Et quand serons-nous sages ? Jamais, jamais, jamais !…
La terre nourrit tout, la terre nourrit tout, les sages, les sages, la terre nourrit tout, la terre nourrit tout, les sages et les fous…
Les rondes, quand elles sont l’occasion de légitimer le vécu de l’enfant, les émotions et les sentiments qui n’ont pas d’autre reconnaissance sociale, deviennent parfois de joyeuses expériences curatives. Cette chanson en est une, elle le crie haut et fort, le rappelle aux adultes, le signale aux enfants : leur droit à « l’enfance », à la vie qui bouillonne en eux, à la bienveillance, leur droit à la différence, à la reconnaissance inconditionnelle de leur dignité …
Le mouvement de la danse va donner de la puissance au message. En posant la question, on « avance », le cercle, le groupe se resserre. La réponse est alors chantée haut et fort en frappant énergiquement des pieds sur la terre. Ensuite, on revient à sa place en reposant la question « quand serons-nous sages ? ». La réponse est alors scandée et marquée une nouvelle fois : « Jamais, jamais, jamais ! »
Adultes et enfants il y a tant d’intensité, de joie et de conviction dans ce cri, dans vos cris, que je crois à la force et au soulagement que cela procure de pouvoir le dire haut et fort.
La danse continue… « La terre nourrit tout »… est chantée en tournant ensemble dans un joyeux pas de course ou de galop, en prenant soin de bien garder les mains reliées.
Dans la nécessité de tenir compte des autres pour arriver à danser ensemble peut se vivre, au delà des mots, une expérience positive de solidarité, de coopération, de fraternité. De démocratie aussi. Pour que le cercle existe, chacun y a sa place. Les plus forts, plus agiles, plus rapides apprennent à être attentifs aux plus fragiles qui sinon, risquent d’être lâchés, éjecté de la ronde et d’être alors blessés, même involontairement. La danse apprend ainsi à prendre soin à la fois de soi et des autres.

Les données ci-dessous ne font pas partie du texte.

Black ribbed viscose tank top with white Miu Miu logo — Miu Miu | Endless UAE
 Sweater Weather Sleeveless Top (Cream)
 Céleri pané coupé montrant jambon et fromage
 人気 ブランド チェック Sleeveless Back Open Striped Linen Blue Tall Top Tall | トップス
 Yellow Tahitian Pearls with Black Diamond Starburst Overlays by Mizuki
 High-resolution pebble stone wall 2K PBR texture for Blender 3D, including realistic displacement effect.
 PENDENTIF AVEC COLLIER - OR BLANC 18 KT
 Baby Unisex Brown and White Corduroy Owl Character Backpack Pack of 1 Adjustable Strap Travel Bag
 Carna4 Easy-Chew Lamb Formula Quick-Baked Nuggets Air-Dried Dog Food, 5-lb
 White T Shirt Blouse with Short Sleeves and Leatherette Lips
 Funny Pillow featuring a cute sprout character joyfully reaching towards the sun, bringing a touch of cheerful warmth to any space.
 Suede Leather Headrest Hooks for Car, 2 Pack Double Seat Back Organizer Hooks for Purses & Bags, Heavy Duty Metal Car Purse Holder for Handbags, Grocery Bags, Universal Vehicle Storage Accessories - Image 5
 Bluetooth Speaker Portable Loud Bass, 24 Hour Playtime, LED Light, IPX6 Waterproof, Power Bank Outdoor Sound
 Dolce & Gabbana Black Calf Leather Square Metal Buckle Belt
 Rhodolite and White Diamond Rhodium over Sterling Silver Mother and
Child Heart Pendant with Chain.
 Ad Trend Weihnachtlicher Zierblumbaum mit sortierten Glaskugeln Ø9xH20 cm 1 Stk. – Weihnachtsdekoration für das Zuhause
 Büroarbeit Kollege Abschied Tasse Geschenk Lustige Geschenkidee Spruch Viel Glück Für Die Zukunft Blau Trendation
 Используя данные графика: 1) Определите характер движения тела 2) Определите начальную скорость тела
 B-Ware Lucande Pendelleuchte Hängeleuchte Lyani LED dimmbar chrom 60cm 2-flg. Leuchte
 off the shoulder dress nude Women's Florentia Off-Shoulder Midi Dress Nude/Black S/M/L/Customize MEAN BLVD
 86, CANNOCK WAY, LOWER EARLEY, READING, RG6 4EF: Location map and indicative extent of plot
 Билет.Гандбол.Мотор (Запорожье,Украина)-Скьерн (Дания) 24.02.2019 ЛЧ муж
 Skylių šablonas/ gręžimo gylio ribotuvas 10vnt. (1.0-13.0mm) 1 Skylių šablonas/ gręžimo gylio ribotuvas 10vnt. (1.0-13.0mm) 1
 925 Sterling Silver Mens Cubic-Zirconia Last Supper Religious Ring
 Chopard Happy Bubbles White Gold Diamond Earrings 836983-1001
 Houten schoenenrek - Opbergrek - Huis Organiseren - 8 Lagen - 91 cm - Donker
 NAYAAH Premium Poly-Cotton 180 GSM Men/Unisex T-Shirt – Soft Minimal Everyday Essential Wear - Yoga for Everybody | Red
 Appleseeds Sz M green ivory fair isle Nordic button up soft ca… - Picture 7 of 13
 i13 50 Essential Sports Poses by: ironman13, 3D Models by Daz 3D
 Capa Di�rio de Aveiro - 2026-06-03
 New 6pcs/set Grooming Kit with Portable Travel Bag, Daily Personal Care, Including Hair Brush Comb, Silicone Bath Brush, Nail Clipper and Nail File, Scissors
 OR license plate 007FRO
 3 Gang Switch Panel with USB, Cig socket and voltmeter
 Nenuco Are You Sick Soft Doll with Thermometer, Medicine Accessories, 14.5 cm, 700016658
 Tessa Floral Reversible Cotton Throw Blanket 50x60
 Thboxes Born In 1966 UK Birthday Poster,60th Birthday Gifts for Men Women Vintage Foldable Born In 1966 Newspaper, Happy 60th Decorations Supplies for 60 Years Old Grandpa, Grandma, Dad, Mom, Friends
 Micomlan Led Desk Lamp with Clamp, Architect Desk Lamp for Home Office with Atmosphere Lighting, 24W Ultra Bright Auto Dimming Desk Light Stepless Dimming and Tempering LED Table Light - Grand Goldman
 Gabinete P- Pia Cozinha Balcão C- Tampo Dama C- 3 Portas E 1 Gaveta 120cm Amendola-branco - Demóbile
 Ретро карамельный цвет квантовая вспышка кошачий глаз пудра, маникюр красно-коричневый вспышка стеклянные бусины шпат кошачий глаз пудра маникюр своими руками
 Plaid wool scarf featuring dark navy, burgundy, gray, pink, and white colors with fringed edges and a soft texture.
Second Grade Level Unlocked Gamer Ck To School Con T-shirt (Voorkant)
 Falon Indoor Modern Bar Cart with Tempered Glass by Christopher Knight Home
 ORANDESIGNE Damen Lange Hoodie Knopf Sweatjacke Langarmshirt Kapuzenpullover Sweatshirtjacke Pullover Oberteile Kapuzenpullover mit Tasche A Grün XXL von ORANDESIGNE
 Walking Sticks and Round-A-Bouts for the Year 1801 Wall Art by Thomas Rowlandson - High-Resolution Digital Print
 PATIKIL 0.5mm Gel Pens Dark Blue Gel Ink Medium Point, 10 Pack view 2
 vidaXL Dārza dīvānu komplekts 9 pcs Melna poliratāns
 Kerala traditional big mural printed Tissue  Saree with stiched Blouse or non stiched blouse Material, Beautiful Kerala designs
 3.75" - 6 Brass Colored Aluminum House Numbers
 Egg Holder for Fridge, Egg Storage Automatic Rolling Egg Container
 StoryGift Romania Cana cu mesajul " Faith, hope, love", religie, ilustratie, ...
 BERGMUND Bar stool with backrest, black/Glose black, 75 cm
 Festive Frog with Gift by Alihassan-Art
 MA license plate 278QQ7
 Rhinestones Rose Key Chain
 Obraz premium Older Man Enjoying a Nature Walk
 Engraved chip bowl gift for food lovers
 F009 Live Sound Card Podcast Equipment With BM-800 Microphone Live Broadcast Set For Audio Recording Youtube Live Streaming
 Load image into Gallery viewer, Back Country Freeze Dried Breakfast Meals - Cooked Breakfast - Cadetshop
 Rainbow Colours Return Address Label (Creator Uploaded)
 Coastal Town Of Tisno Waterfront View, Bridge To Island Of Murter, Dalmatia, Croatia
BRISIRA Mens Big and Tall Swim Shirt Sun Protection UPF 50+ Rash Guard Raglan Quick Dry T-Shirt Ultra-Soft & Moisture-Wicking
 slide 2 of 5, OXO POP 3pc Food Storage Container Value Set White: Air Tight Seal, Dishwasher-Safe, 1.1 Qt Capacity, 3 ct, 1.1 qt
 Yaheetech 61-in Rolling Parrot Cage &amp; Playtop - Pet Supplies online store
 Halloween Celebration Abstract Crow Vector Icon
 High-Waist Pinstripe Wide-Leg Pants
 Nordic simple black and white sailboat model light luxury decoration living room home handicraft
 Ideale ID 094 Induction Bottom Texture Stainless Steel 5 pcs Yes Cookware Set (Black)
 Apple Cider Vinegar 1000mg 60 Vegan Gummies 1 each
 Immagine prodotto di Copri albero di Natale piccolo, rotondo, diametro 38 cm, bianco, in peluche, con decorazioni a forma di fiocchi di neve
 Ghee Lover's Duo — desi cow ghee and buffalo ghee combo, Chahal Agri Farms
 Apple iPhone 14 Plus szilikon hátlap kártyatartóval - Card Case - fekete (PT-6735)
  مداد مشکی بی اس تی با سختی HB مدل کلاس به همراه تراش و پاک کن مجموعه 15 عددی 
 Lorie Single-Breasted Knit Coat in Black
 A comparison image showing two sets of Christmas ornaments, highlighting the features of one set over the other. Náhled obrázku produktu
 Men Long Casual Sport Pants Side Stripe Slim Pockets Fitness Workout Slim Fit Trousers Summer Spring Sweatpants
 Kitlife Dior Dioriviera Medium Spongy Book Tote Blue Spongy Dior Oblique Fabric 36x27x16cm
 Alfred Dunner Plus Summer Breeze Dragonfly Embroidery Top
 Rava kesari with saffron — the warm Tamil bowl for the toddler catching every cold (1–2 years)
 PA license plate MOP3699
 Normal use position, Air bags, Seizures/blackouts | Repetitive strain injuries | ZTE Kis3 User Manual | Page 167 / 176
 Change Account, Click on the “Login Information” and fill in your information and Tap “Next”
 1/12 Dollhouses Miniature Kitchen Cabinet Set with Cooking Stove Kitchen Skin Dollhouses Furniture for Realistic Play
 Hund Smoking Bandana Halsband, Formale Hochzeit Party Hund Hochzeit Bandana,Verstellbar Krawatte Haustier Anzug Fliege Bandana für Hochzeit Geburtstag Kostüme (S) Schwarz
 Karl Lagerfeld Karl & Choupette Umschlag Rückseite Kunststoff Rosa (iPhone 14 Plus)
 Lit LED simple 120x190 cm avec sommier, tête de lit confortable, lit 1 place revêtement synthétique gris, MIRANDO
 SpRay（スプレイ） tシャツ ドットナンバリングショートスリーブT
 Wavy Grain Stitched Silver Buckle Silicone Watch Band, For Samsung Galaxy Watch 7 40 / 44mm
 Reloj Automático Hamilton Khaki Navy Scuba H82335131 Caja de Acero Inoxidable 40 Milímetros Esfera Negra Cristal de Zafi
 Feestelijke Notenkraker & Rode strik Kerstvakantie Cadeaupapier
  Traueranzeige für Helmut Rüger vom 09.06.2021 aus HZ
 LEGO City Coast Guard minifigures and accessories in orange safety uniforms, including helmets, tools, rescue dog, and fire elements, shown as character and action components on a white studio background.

Pour que cette chanson soit vraie. Pour oser cette danse avec eux, sans leur mentir, il s’agira pour moi d’être particulièrement attentive à mes regards, à mes mots, à mes attentes, à ma façon d’encadrer Martin, Kévin ou Samira si jamais ils font « les fous » pendant la danse… Comment vais-je accueillir leur énergie, leur fatigue, leur imagination débordante ou leurs pieds qui ne tiennent pas en place ? Arriver à transformer le « arrêtez de faire les fous ! » en « comment vais-je intégrer tous ces éléments dans mon programme ? ».
À force de le chanter, de le danser j’ai appris à chercher le sens de leurs mouvements (et de leurs mouvements d’humeur) plutôt qu’à rêver de leur calme et de leur sagesse. J’ai appris à oser « composer » avec chaque classe, à oser prendre en compte ce que les enfants expriment, à oser m’enrichir de l’apport de ces petits « fous », à pouvoir accueillir chaque tempérament d’enfant sans vouloir qu’il soit… ce qu’il n’est pas.